It’s the late 1960s and Nora Webster is a middle-aged mother of four living in rural Ireland and recovering from the death of her husband.
As you might expect from Colm Tóibín, an author not known for his focus on storytelling, this recovery doesn’t come through a series of big, dramatic events. In fact, it’s so gradual that at times it barely even registers. But ever so slowly Nora does begin to heal. She watches films with her sons and feels comforted when she discovers similarities with her own life experience. And she finds solace by listening to music that mirrors and complements her own emotions – as well as providing an escape from what she sees as “the dullness of her own days”. For Tóibín, the arts can help us through life and make us feel less alone – perhaps a hint as to his intention when writing this book.
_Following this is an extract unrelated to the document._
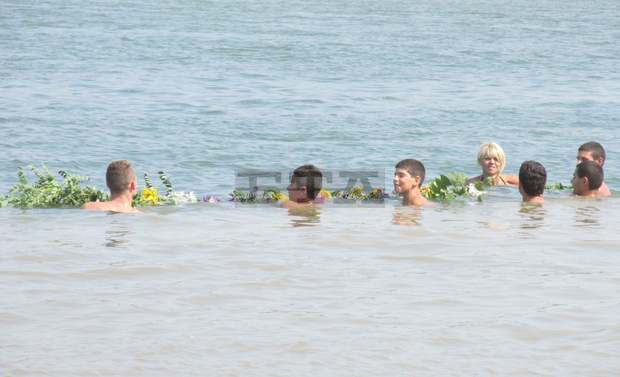 Паметта на покойни деятели  на водните спортове и моряци  бе почетена край Силистра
Because there’s no question that the novel’s main theme is grief; Nora Webster is a beautiful and heartbreaking portrayal of one woman’s experience of depression and loneliness. But it also evokes the protagonist’s struggle to find – and express – her own voice and identity. Nora is an intelligent woman with strong opinions but because of social circumstances she hasn’t acted on this until now. Slowly, through the freedom she finds in her new status as a widow, she begins to do so.
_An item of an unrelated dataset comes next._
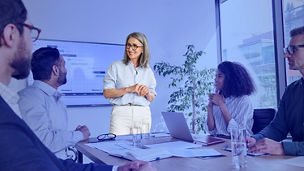 Kobieta na spotkaniu biznesowym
Of course, themes like death, loss and the search for identity will be familiar to regular readers of Tóibín – as will the setting and some of the novel’s minor characters. Like The Heather Blazing and The Blackwater Lightship, Nora Webster is set in the author’s hometown of Enniscorthy, County Wexford. In its opening scene Nora is visited by May Lacey, the mother of Eilis, the young girl who emigrated to the US in Brooklyn. As in previous novels, the world of small-town Ireland is evoked with exceptional skill; Nora Webster is a quietly perceptive and wonderfully modulated portrayal of life here in the late Sixties and early Seventies. It’s so richly detailed and laced with such dialogue that you feel like you are living in Nora’s world.
Tóibín is rightly celebrated for his mastery of style and form. And if this is a book about grief then his prose is carefully crafted to mirror and complement his subject matter – just like the music Nora plays to shore up her sadness. But this, for me, is where the novel begins to falter. The slow-moving narrative plods through every sad step on Nora’s journey, the sentences settling us into the gentle rhythm of life for a middle-aged widow in late Sixties Ireland. And although this is effective and often very moving, it can get a little wearing.
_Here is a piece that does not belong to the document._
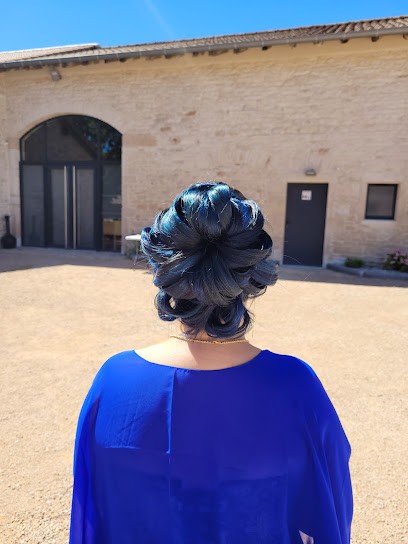 Laure Notin, Salon de Coiffure à Villieu-Loyes-Mollon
Of course, it’s Nora’s depression that dulls her capacity to feel emotion, stripping her of any desire, or even capability, to truly engage with the world. “It was as though she lived under water,” we’re told, “and had given up on the struggle to swim towards air.” She can’t help thinking of everything that happens to her as daft and inconsequential, often laughably unimportant when experienced alongside the trauma of her husband’s long-term illness and death, which is still very much alive in her head. But she gradually notices her capacity to feel returning when, for example, her younger son is unjustly treated by one of his teachers and she’s surprised by the force of her anger. Likewise, we’re treated to glimpses into the passion she felt for her husband, such as when she recalls her hatred of the doctor who refused him pain relief. For me, the novel would have benefitted from more flashbacks like this.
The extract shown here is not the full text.